Q: What do you think is the main challenge for advertisers in a multi-screen world?
A: From a logistical standpoint, the rise of multiple screens and devices poses a unique set of executional challenges for advertisers. An ad formatted for a TV screen—and the process to get it there— is entirely different from the very same ad deployed to play perfectly on any video screen. Getting all the creative assets in the correct format to the right screen is not as easy as it should be in an age where media can be bought and sold in mere fractions of a second. The last area to automate for a bright future is the actual ad creative workflow, in a way that locks usage with all the complex Talent & Rights guidelines that used to be easy to manage in the closed system of Linear TV. Luckily, that is far easier than the innovation and work being done in the media planning and buying space because it just means applying what is already in place—cloud technology and the internet—to do away with old processes and usher in the new day where the creative moves as seamlessly and in parallel with media that finds, secures and tees up the moments in milliseconds.
Q: Why should the media industry stream ads the way it streams content?
A: Because we can and there’s simply no reason not to. Streaming has become the norm for content sharing because it is the most effective means of ensuring the highest quality for every person who accesses that content, while also allowing the content owner to maintain complete control and oversight of the rights. We stream movies and TV shows on Netflix and we stream music on Spotify. It’s part of our daily routine.

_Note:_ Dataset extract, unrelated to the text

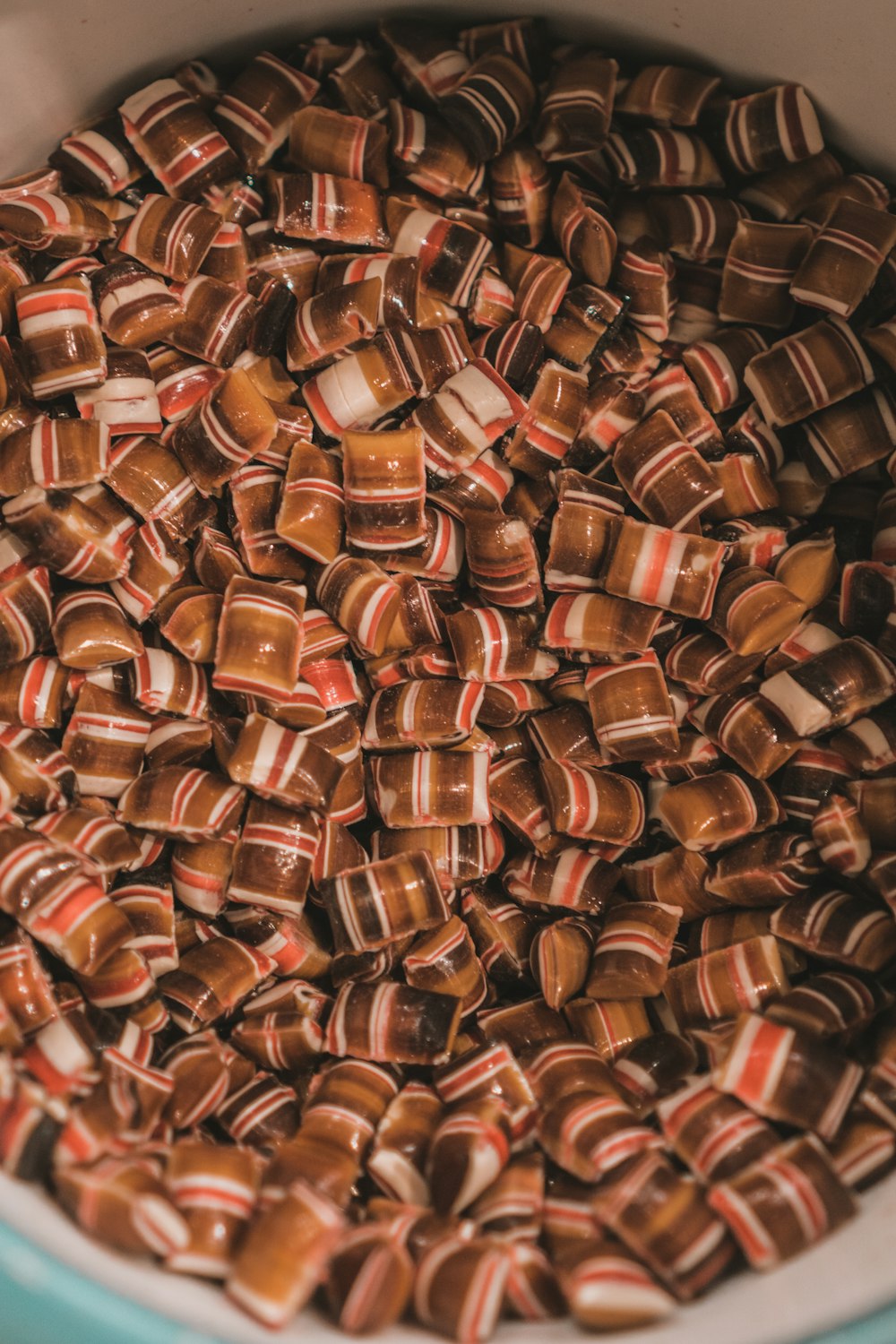 a bowl filled with lots of brown and white candy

For brand marketers, ads are their crown jewels – their most precious content. They’ve invested large amounts of time and money into these gems that brilliantly tell their story. Why would we continue ask advertisers and their agencies to pay to make copies of files, burden ops teams with FTP’ing assets all over the place, risk quality degradation, incur rights infractions and slow down speed to market when none of that is necessary anymore?

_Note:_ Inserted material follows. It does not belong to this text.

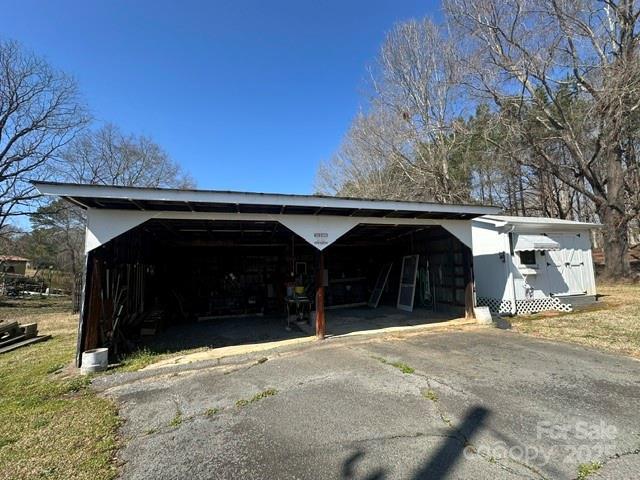 view of pole building with aphalt driveway and a carport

Streaming is a simple change, available and understood today, that benefits all players in the video advertising ecosystem. And here’s the kicker, no one needs to change vendors. The industry just needs to say yes and change behavior. It’s happening now with many of our clients and believe me, they would NEVER go back to old-school ways.
Q: What are your insights on the future of the way the advertising industry operates?

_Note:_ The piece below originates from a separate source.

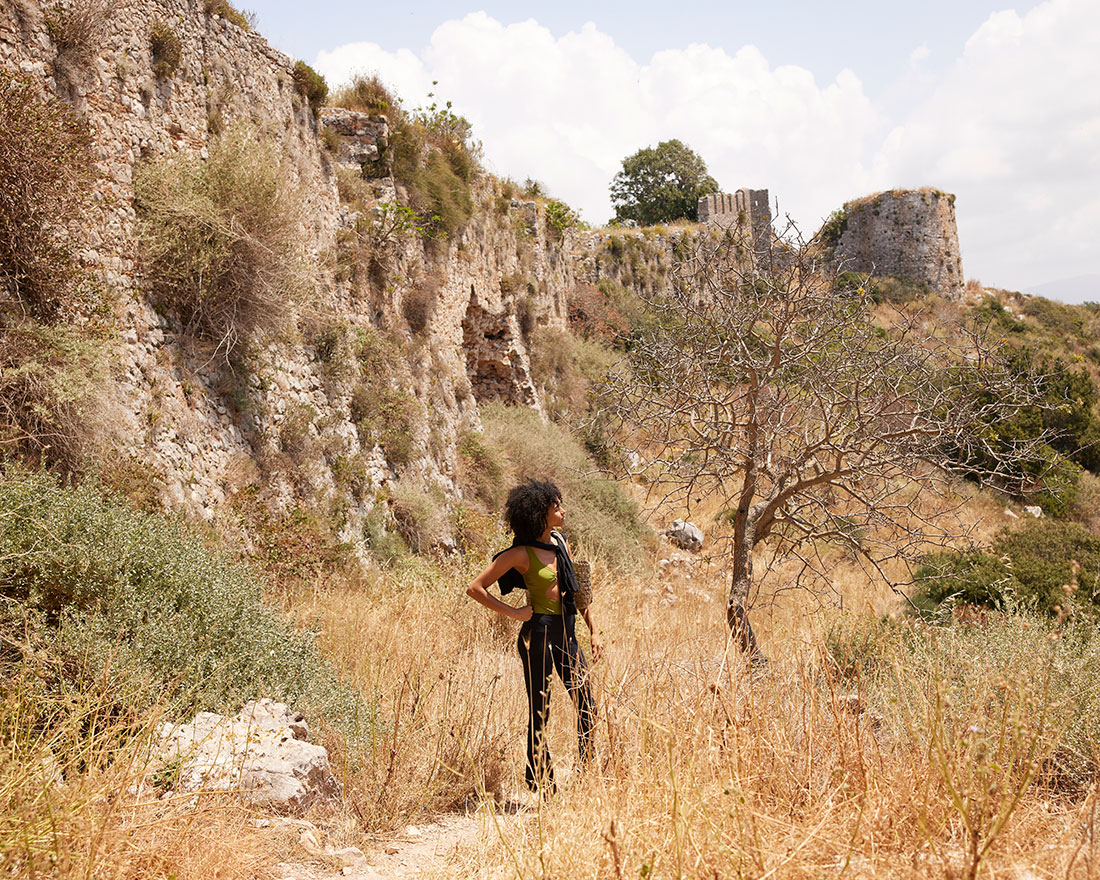 Une personne aux cheveux bouclés se tient dans l'herbe sèche, regardant les ruines d'un vieux mur de pierre sous un ciel lumineux, entouré d'une végétation sauvage et d'un arbre sans feuilles.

A: I’m optimistic that we’re headed to a future where working in advertising once again offers the opportunity to be creative and strategic and to have fun building the future of brands.
Professionals will spend less time on the process of getting ads where they need to go, and more time on the things that attracted them to the industry in the first place. As we’ve discussed, the rise of automated media buying, which now happens more or less instantaneously, has moved the buy side of the industry swiftly forward. The missing piece of this puzzle is getting all creative assets wherever they need to play with the same speed, automation and accuracy that we see on the buy side.
Ad streaming provides a very simple solution being employed today with great success and one that benefits all parts of the video advertising ecosystem. This will be transformative for the industry.